> [Records to process]
- - -

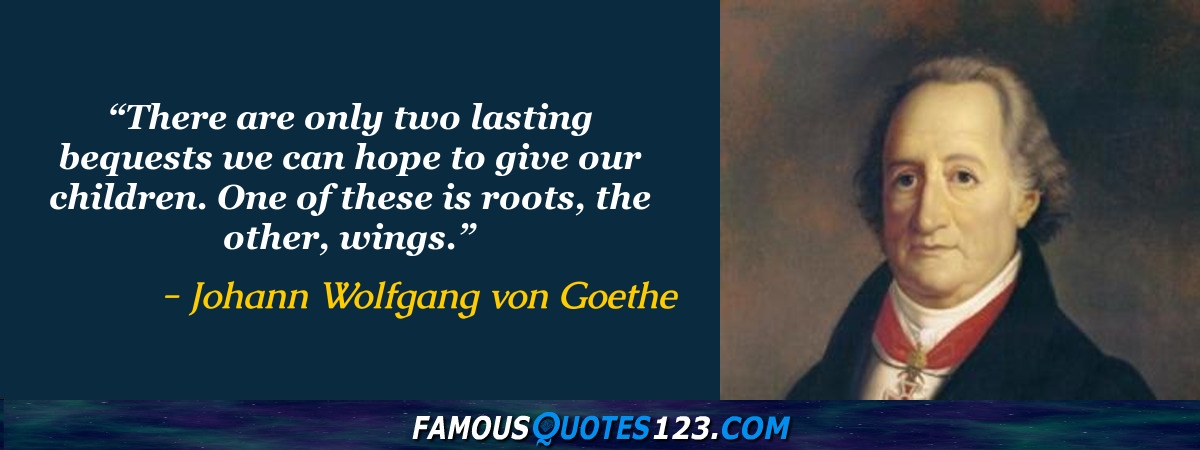 Johann Wolfgang von Goethe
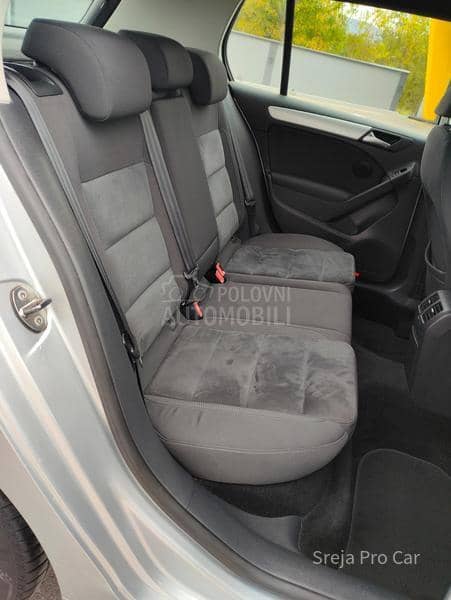 Volkswagen Golf 6 1.6 TDI ALKANTARA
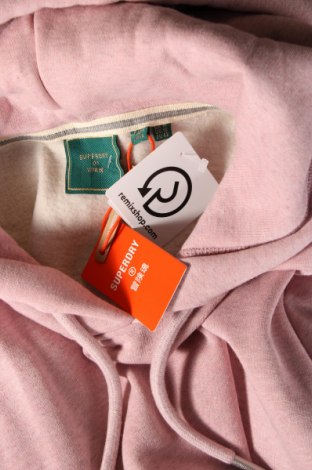 Γυναικείο φούτερ Superdry, Μέγεθος L, Χρώμα Ρόζ , Τιμή 21,86 €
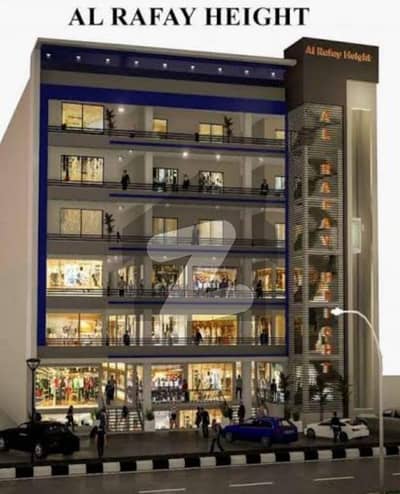 Shop On Ground Floor for Investment purpose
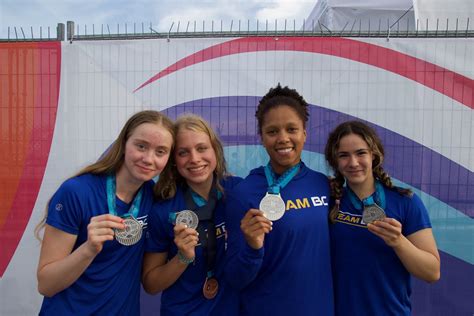 Img6534 Womens 4x200 Free Relay Silver Medal Carrie Matheson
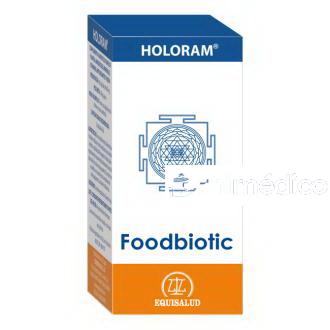 HOLORAM FOODBIOTIC 180CAP. EQUISALUD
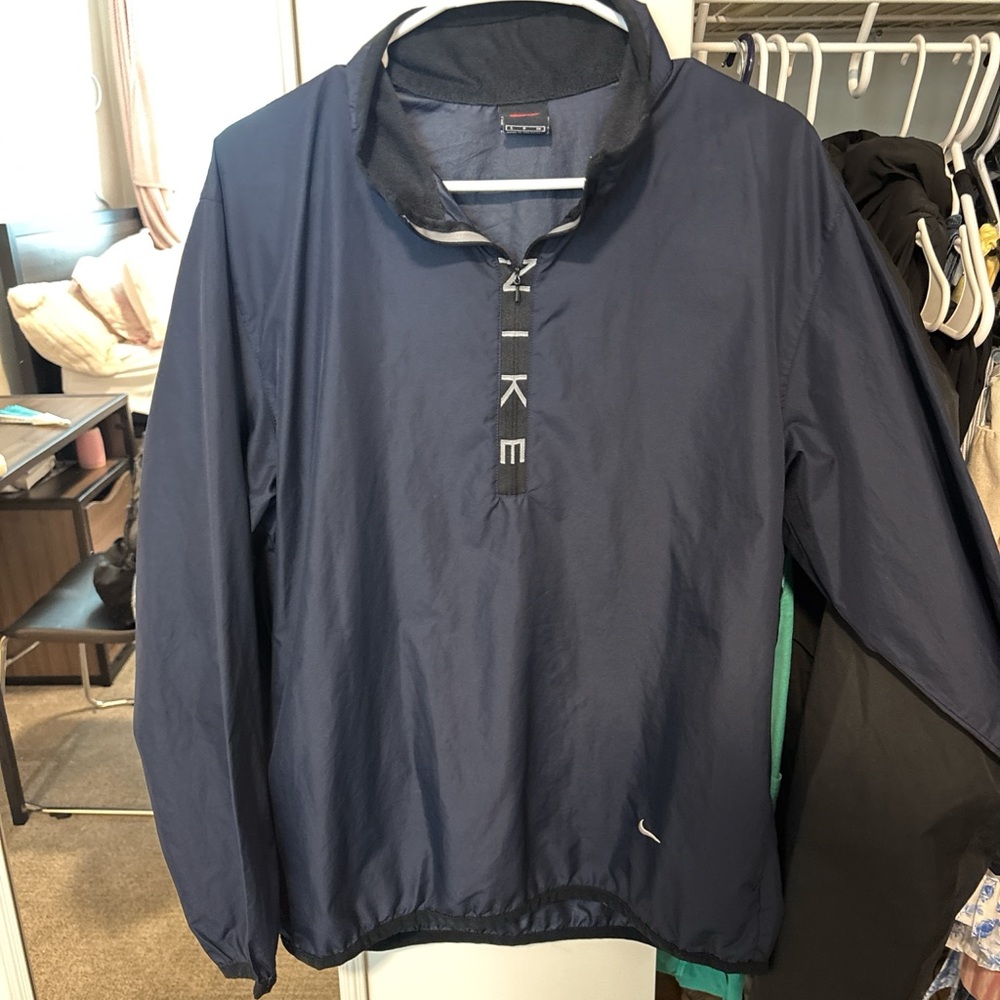 Nike Men's Navy Jacket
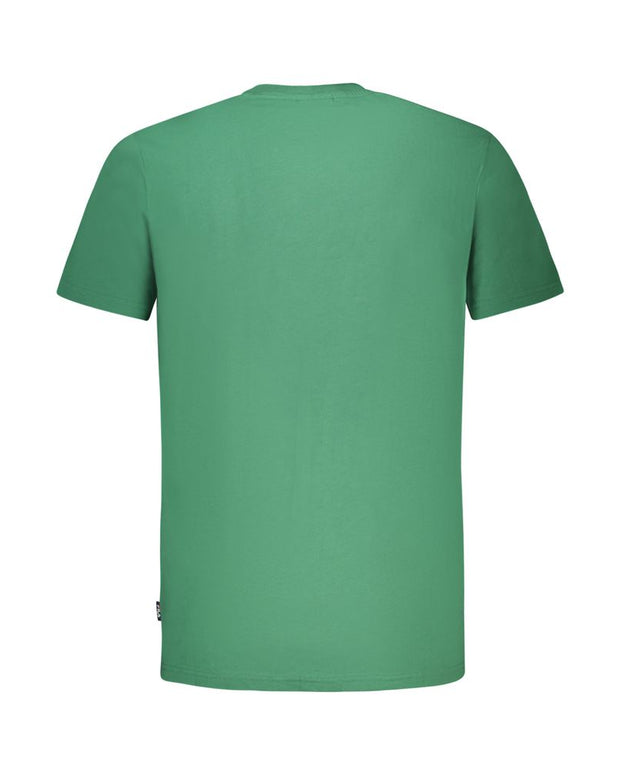 Green Cotton T-Shirt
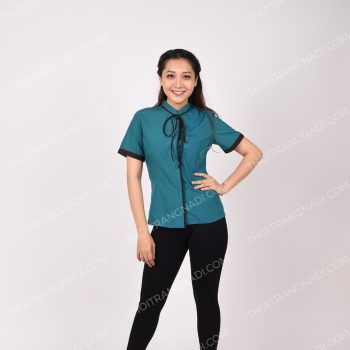 Restaurant and hotel uniform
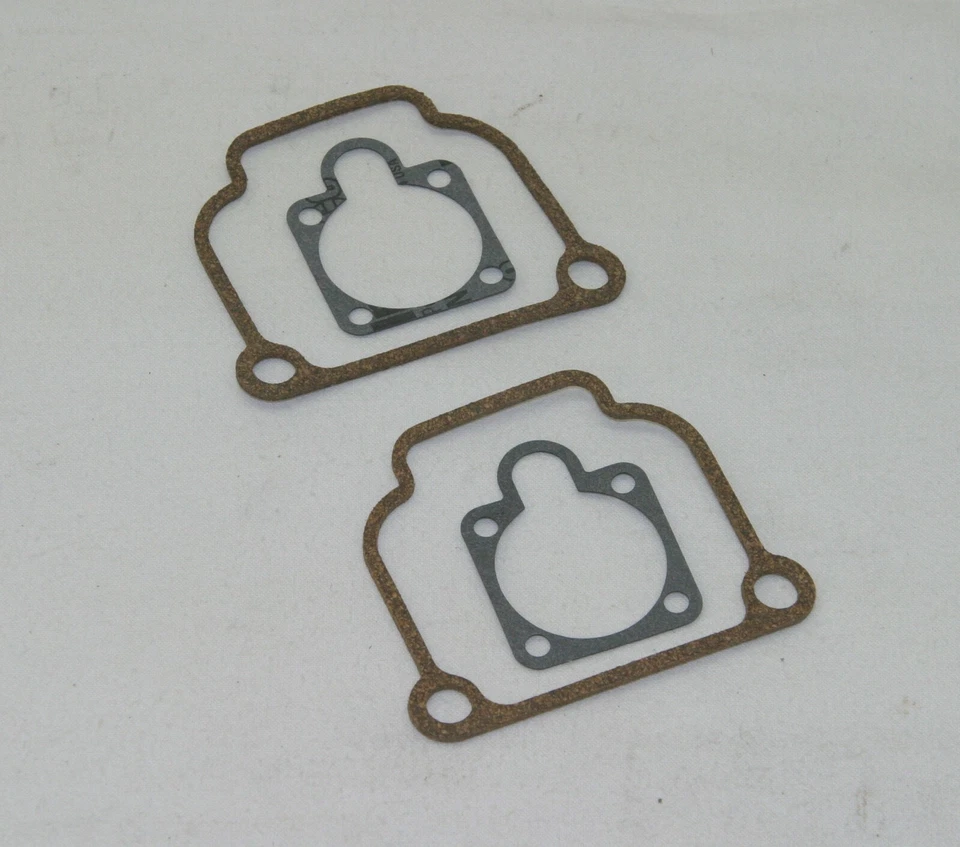 BMW - R100/R - BING CARBURETTOR FLOAT + CHOKE GASKETS 1 SET = 4 PIECES 1254770 * - Image 1 of 1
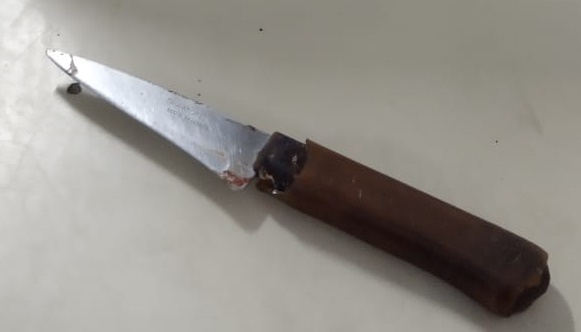 Homem em flagrante é preso após esfaquear cunhado no Bairro Siriema em Paulo Afonso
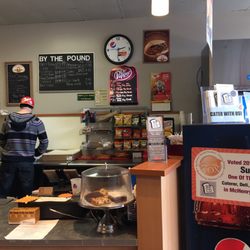 Breaking Bread Catering & Deli - Counter area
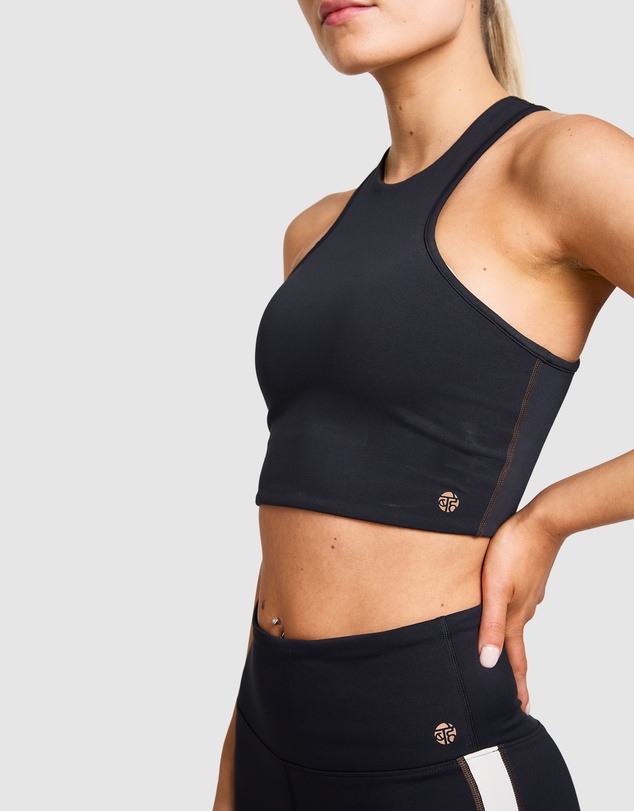 BAHE - Attune Racer Back Short Top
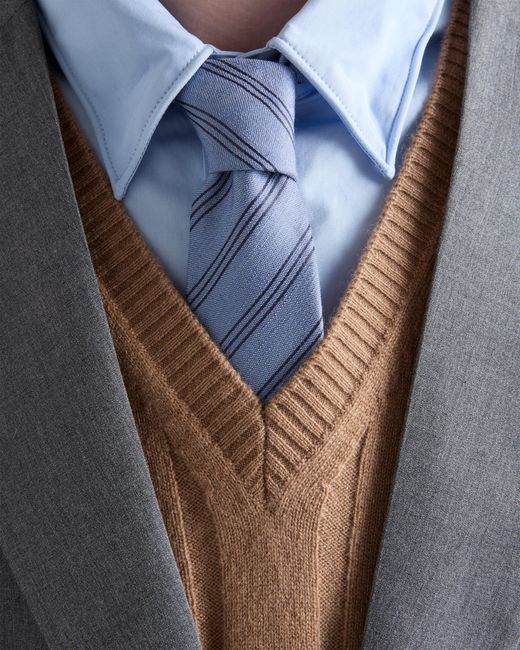 Cravatta di Prada in Blue da Uomo
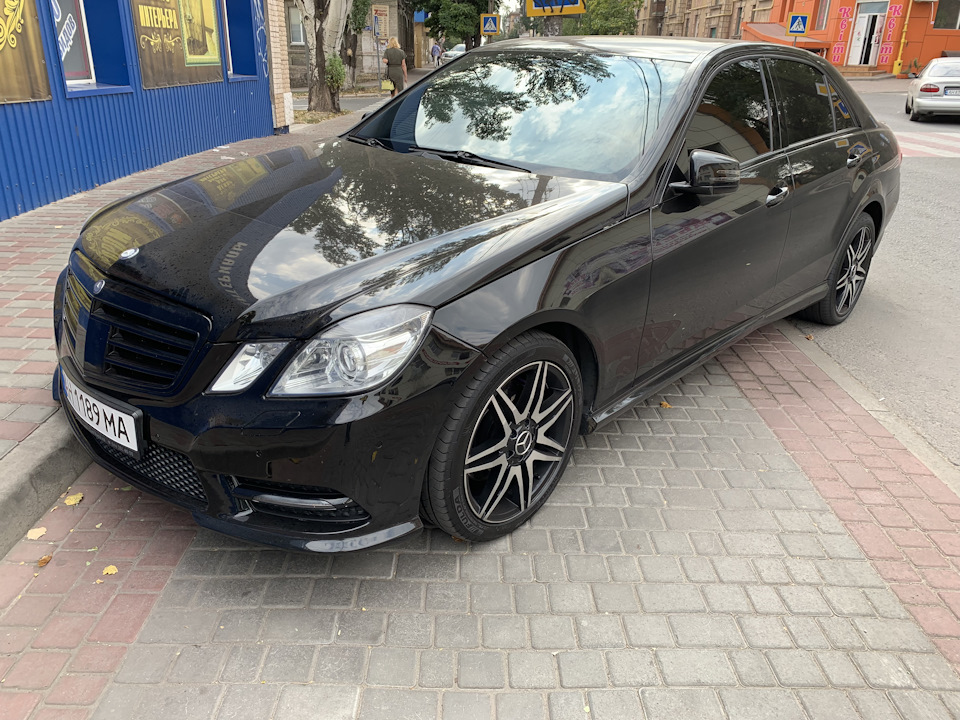 Мерседес 212 дизель. W212 дизель.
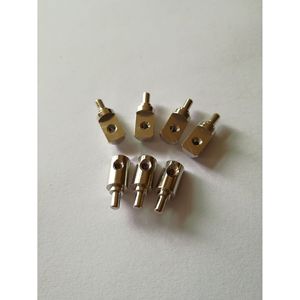 Piezas de Conexión de Cobre, Tuercas Hexagonales con Postes Roscados, Especificaciones Personalizables para Aplicaciones Electrónicas - Product Image 3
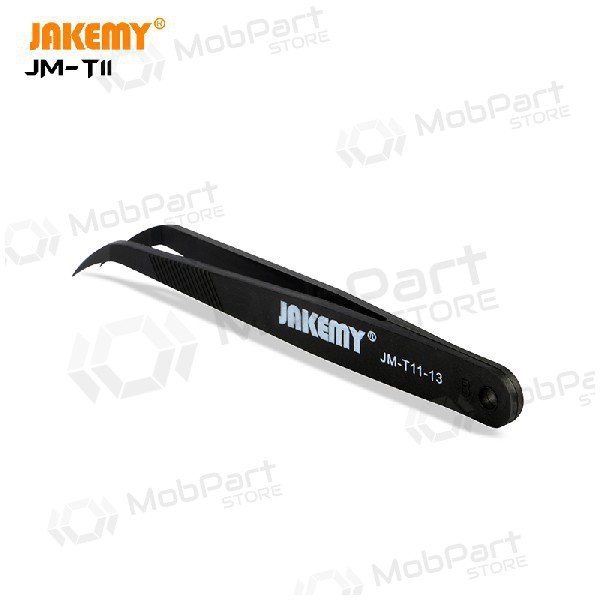 Μεταλλικό αντιστατικό τσιμπιδάκι Jakemy JM-T11 ESD (3τεμ )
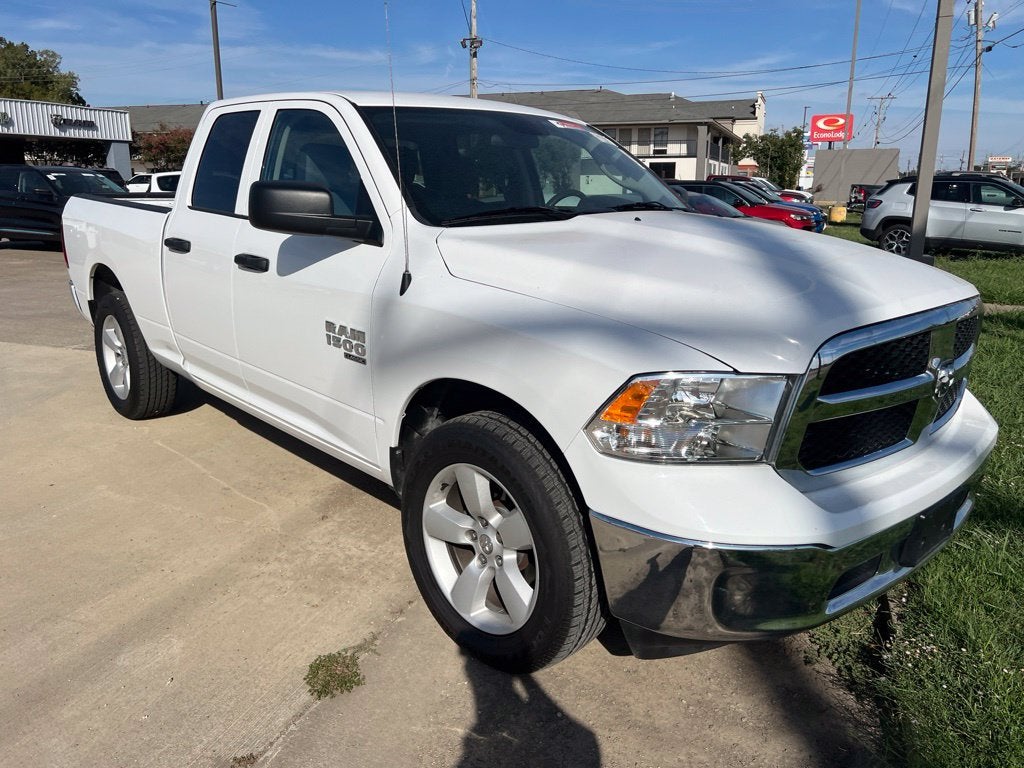 2024 RAM 1500 Classic SLT Quad Cab 4x4 6'4' Box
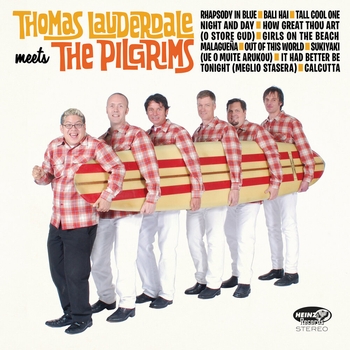 Pink Martini and Pilgrims, Thomas Lauderdale - Out of This World (Thomas Lauderdale Meets the Pilgrims 2023)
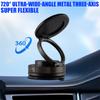 1pc Car Phone Magnetic Stand with Mechanical Vacuum Suction Cup, Navigation Holder For VW Jetta Golf Beetle CC Rline Hub Cover zr8
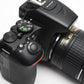 Nikon D5500 DSLR w/AF-P 18-55mm f3.5-5.6 VR, 2batts, charger Only 1612 Acts!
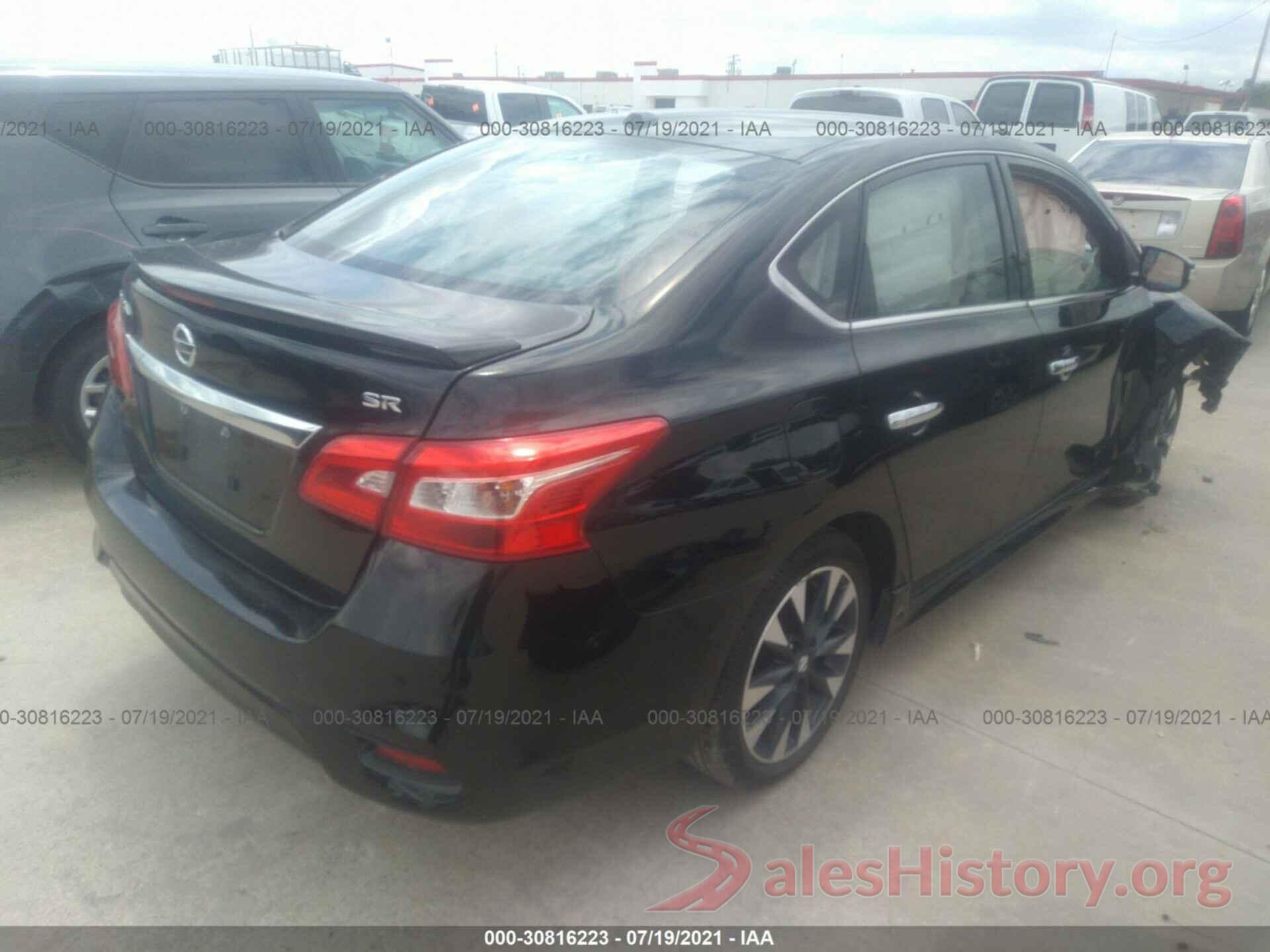 3N1AB7AP8KY369509 2019 NISSAN SENTRA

- - -

> [Work item]
Nothing but the lines from the one with "Nike Men's Navy Jacket" to the one with "Nikon D5500 DSLR" above, both included, should be transcribed, exactly and without pictures.

> [Finished exercise]
 Nike Men's Navy Jacket
 Green Cotton T-Shirt
 Restaurant and hotel uniform
 BMW - R100/R - BING CARBURETTOR FLOAT + CHOKE GASKETS 1 SET = 4 PIECES 1254770 * - Image 1 of 1
 Homem em flagrante é preso após esfaquear cunhado no Bairro Siriema em Paulo Afonso
 Breaking Bread Catering & Deli - Counter area
 BAHE - Attune Racer Back Short Top
 Cravatta di Prada in Blue da Uomo
 Мерседес 212 дизель. W212 дизель.
 Piezas de Conexión de Cobre, Tuercas Hexagonales con Postes Roscados, Especificaciones Personalizables para Aplicaciones Electrónicas - Product Image 3
 Μεταλλικό αντιστατικό τσιμπιδάκι Jakemy JM-T11 ESD (3τεμ )
 2024 RAM 1500 Classic SLT Quad Cab 4x4 6'4' Box
 Pink Martini and Pilgrims, Thomas Lauderdale - Out of This World (Thomas Lauderdale Meets the Pilgrims 2023)
 1pc Car Phone Magnetic Stand with Mechanical Vacuum Suction Cup, Navigation Holder For VW Jetta Golf Beetle CC Rline Hub Cover zr8
 Nikon D5500 DSLR w/AF-P 18-55mm f3.5-5.6 VR, 2batts, charger Only 1612 Acts!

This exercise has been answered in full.